Esperanto NLP using HTM and my findings


Some rambling Bitking pontifications:

RNN and HTM can both do sequences and they both can match up a sequence in progress and do auto-completion. Great if you are doing spell checking. Beyond that - meh.

That is rather limited. In the bigger picture you can imagine typing in “It was a dark and stormy night” and a terrible pot boiler would spew out. I think that bad writing could be automated that way. No - I don’t think it should but - but it could.

As far as something a little more useful you need a purpose to write - it has to be about something. HTM is supposed to be based on how the brain works and it is thought that it works in what is sometimes called a predictive mode. I don’t know if that is really the best way to describe it. It is more about recall of a learned sequence(s).This may involved bits and pieces being jammed together in a synthesis to match a novel perception.

In the H of HTM we expect that the higher level representation is formed and is fed back to to the lower level so there is recall at all levels. If there is a “topic” that has been registered (we are talking about x) then the recognition at lower levels is guided to select fragments that are compatible with this current topic.

The canned generator should not be based on letter sequence but on parts of speech.

In sentence generation a more interesting version would work like Parsey McParseface and discover what it was that we are talking about and construct sentences that have something to do with the discussion.

I think of this as a blackboard. I can conceive of this as holding the current nouns and the relations between them. (verbs and adjectives)

The logic of generation should be distributed over several levels of representation rather than at a single level like this example program.

It would be asking a lot to have world knowledge of what the practical actions that could be taken (common sense) but it would in interesting to see what is possible. Hook this up to Eliza and let it go!


No, there is no need for a SDRClassifer in this case. Since we got only one input variable, the character. And the fact that TM does not care about spatial feature. I can send the encoded character (encoded by a CategoryEncoder) directly into a TM without a first trough a SP breaking the spatial feature of the SDR. And since the spatial feature is still intact. I can reverse the process then extract a (fake) probability distribution. By summing the bits that is a 1 for each category in an SDR then softmax the sum

Anyone is free to take, use and modify the code.

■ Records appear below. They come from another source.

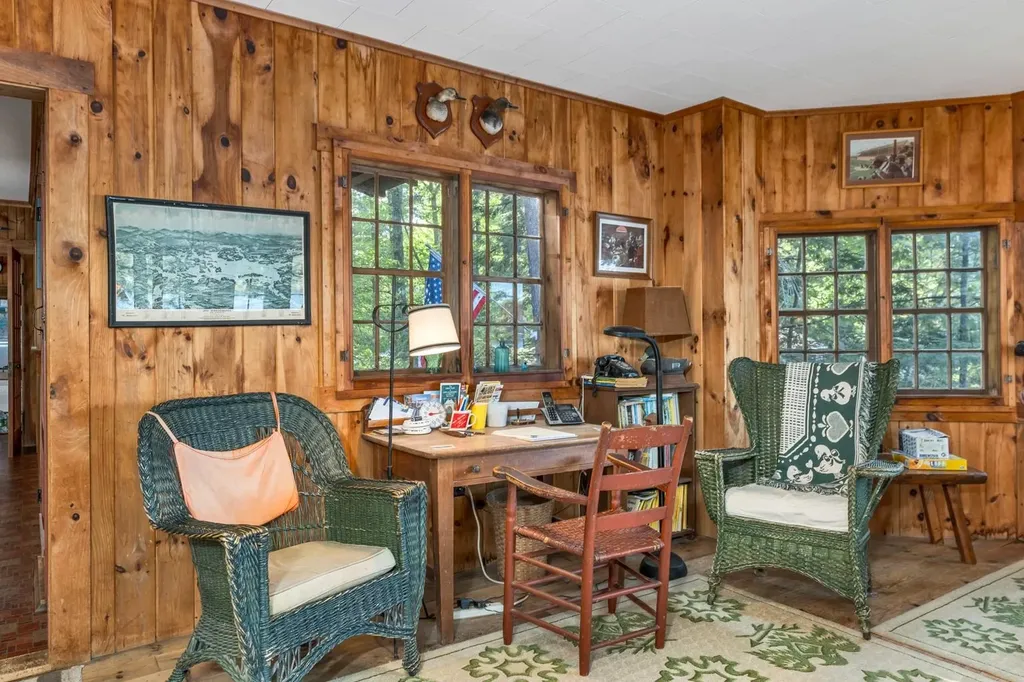 46 Laurel Island Lane Holderness NH 03245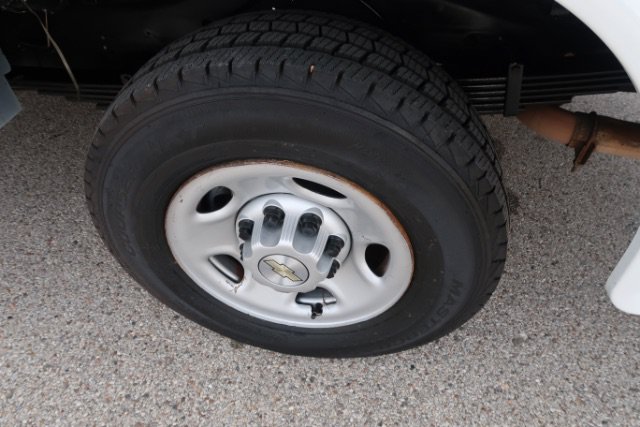 Used 2020 Chevrolet Express 3500 w/ Power Convenience Package RWD image 13
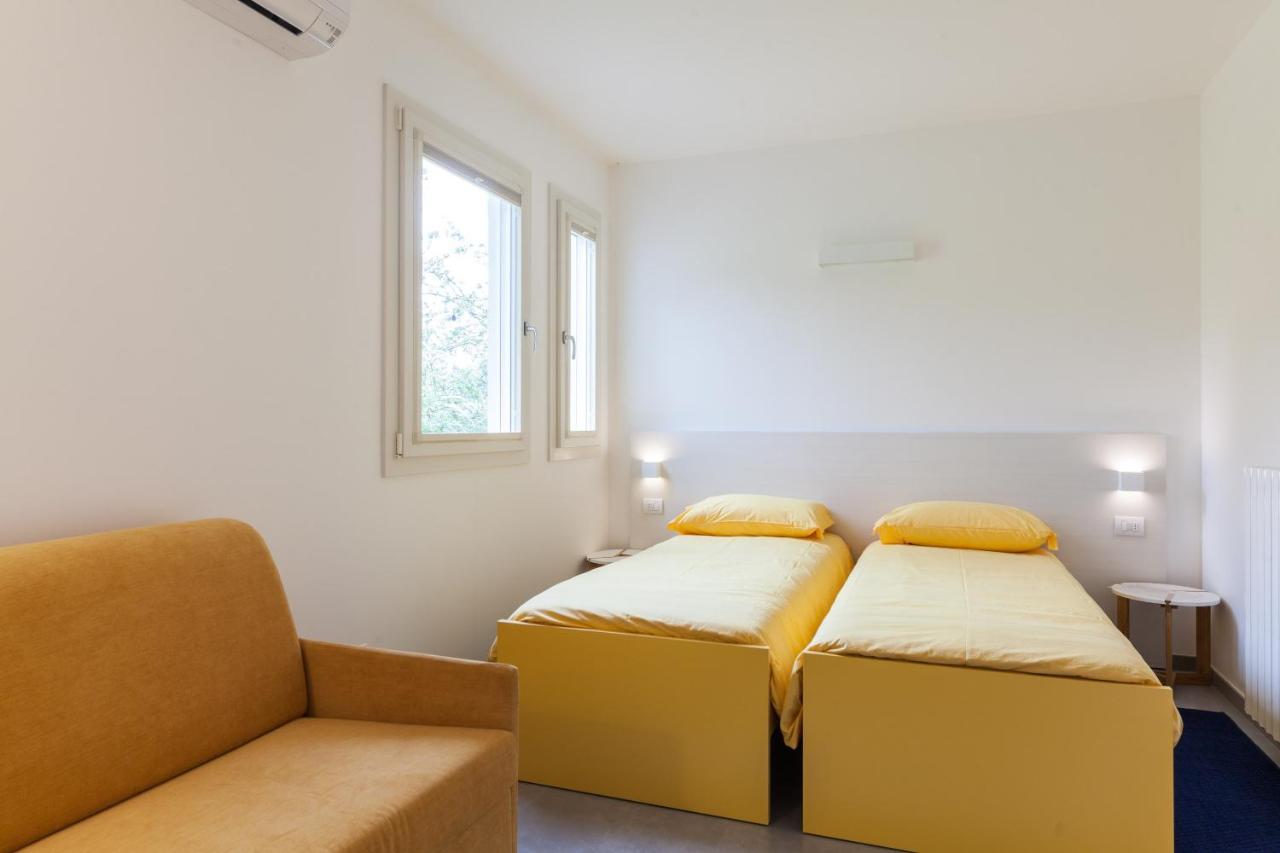Rose Canine B&B Cesenatico Eksteriør bilde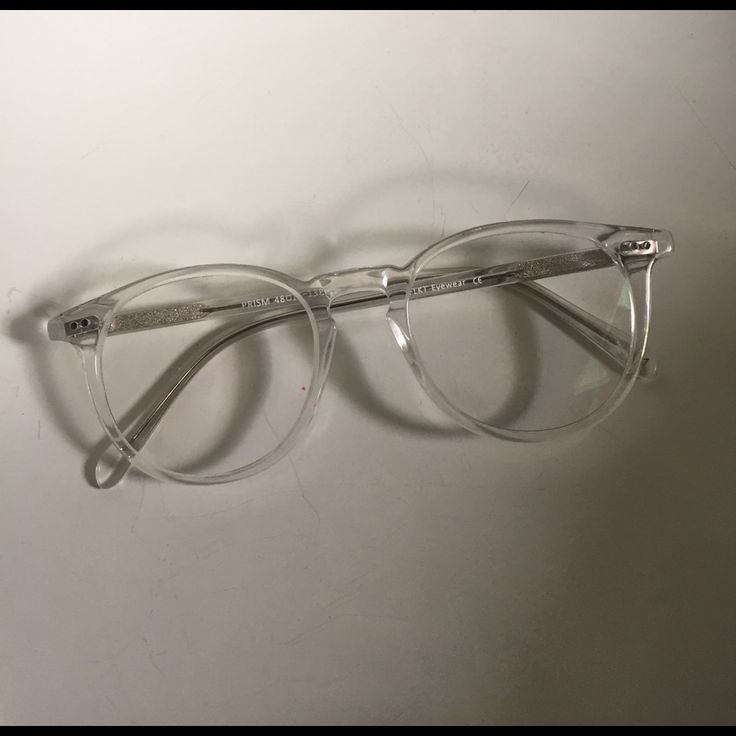 Clear Aesthetic Glasses, Clear Rim Glasses, How To Style Clear Glasses, Glasses With Clear Frames, Glasses Transparent Frame, Round Transparent Glasses, Glasses Round Frames, Aesthetic Round Glasses, Fake Clear Glasses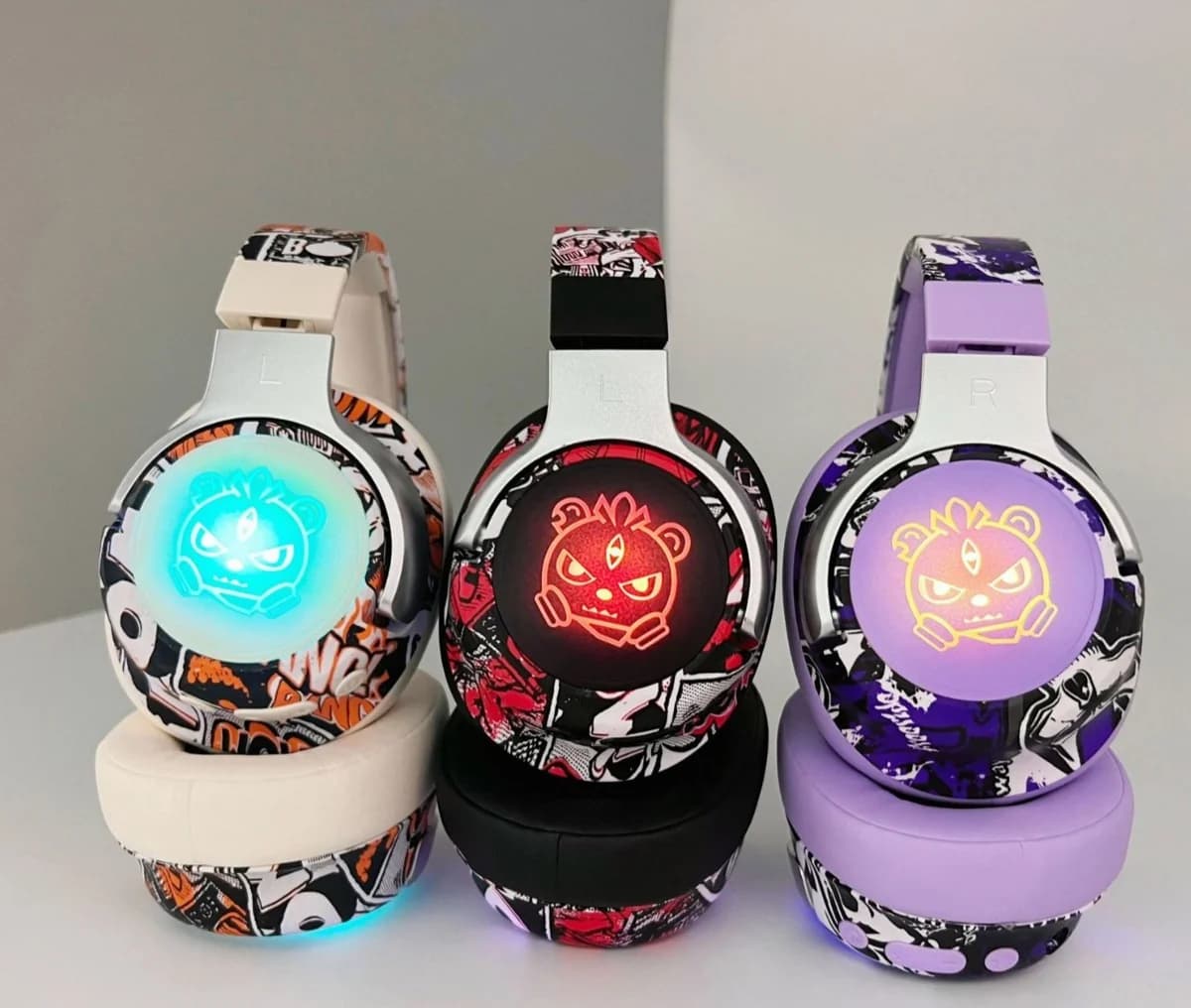 Grafiti-mustriga kõrvapealsed Bluetoothi kõrvaklapid RGB-valgustuse ja mikrofoniga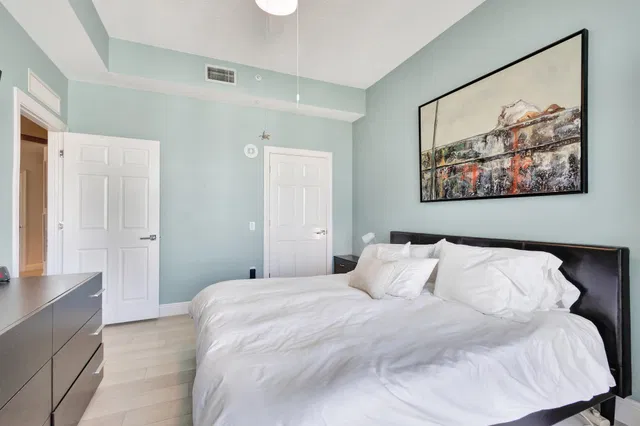 The Whitney Unit 801 photo 15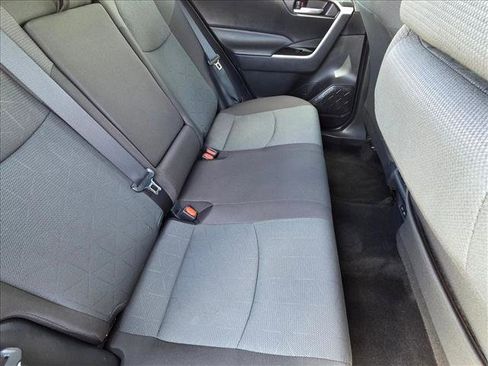 Used 2025 Toyota RAV4 XLE FWD image 18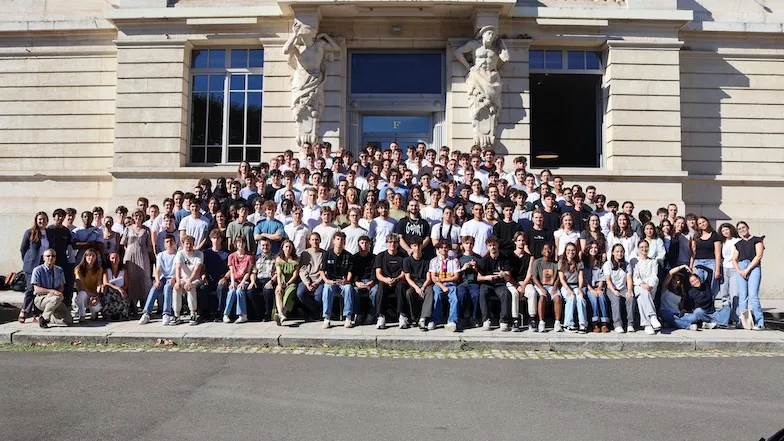 Group photo of the new cohort of ISMIN engineering students in front of the Mines School premises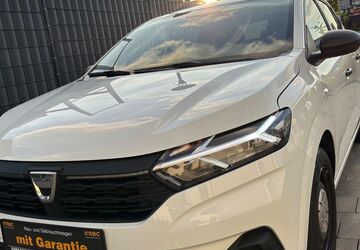 Dacia Sandero 24.000 km 8.990 &euro; Kelkheim 65779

The Esperanto word for Esperanto is Esperanto. English is calle Agnla is because it is short for La Angla Lingvo. But Esperanto dons’t belong to any country, so it’s Esperanto.


I totally agree that sentence generation should be done by multiple layers. However that is not possible without support to inject distal signal. I might be wrong, but I believe most HTM implementations doesn’t support it.


I need a better understanding on why you don’t need a SDRClassifier in that case.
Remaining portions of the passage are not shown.